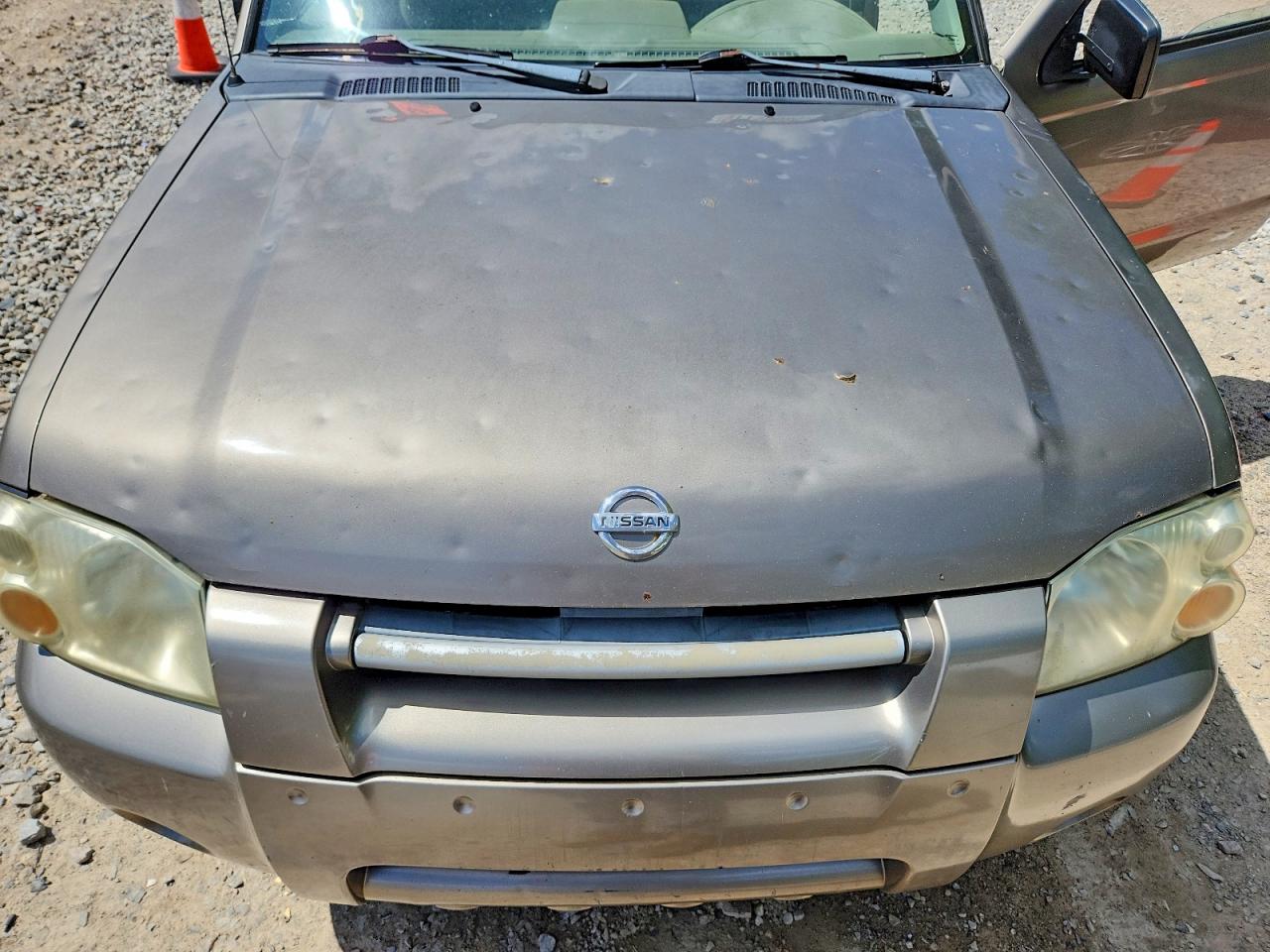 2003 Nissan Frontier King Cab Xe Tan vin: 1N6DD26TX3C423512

────────

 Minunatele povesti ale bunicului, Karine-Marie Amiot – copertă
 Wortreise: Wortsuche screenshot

────────

* Task objective: In the data above, find the line that contains "Minunatele povesti ale" and the line that contains "Wortreise: Wortsuche screenshot". Repeat exactly those lines and every line between them, and only those.

* Result of the exercise:
 Minunatele povesti ale bunicului, Karine-Marie Amiot – copertă
 Wortreise: Wortsuche screenshot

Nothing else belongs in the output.